What to produce
Drop every image, then reproduce the data exactly as given.

Data provided
▽
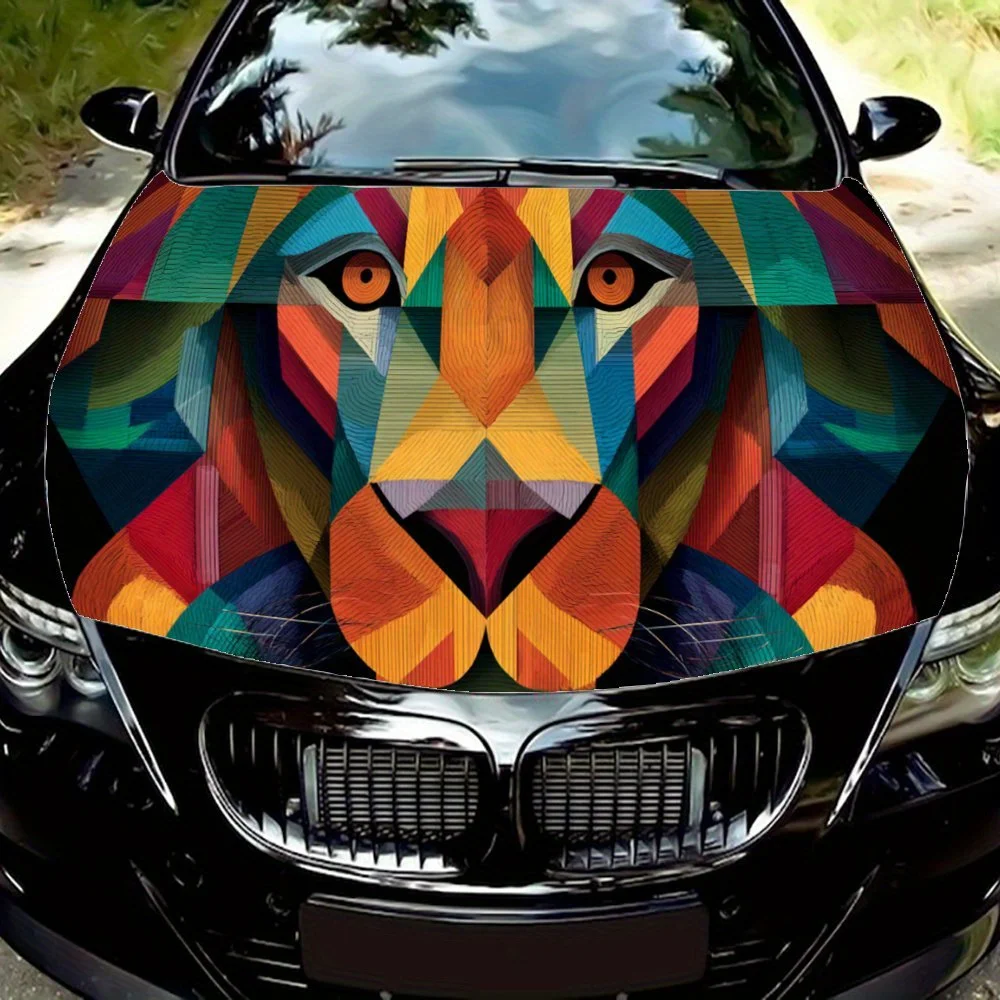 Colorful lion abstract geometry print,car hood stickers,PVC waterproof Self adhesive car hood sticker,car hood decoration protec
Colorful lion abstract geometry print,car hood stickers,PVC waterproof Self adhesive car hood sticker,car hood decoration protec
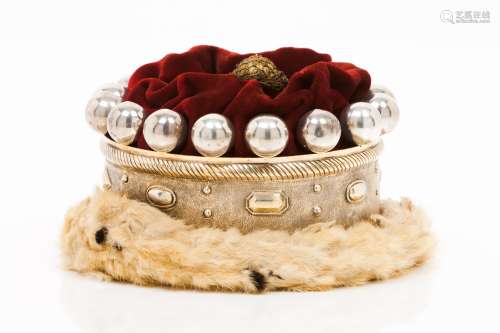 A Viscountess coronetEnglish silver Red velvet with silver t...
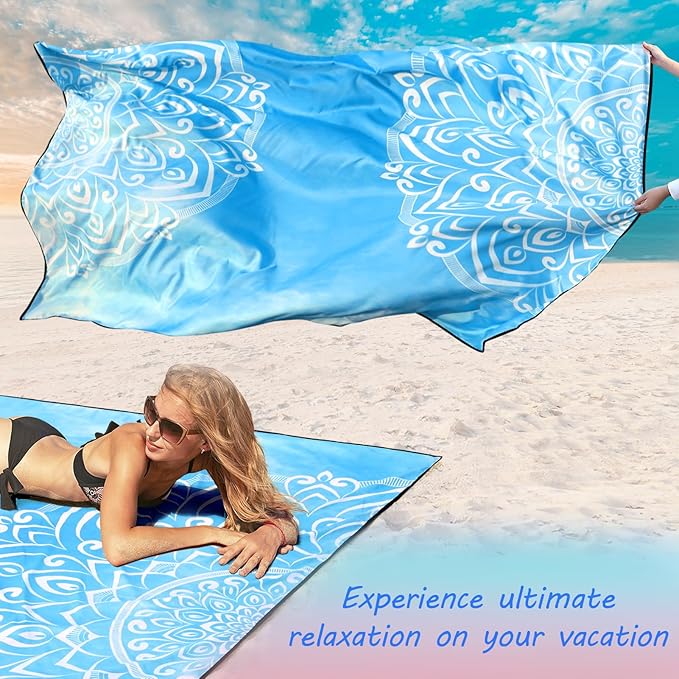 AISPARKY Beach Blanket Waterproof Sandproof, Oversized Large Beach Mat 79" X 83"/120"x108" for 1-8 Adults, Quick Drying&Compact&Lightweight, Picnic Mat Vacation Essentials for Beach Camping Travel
△
Output
 Colorful lion abstract geometry print,car hood stickers,PVC waterproof Self adhesive car hood sticker,car hood decoration protec
Colorful lion abstract geometry print,car hood stickers,PVC waterproof Self adhesive car hood sticker,car hood decoration protec
 A Viscountess coronetEnglish silver Red velvet with silver t...
 AISPARKY Beach Blanket Waterproof Sandproof, Oversized Large Beach Mat 79" X 83"/120"x108" for 1-8 Adults, Quick Drying&Compact&Lightweight, Picnic Mat Vacation Essentials for Beach Camping Travel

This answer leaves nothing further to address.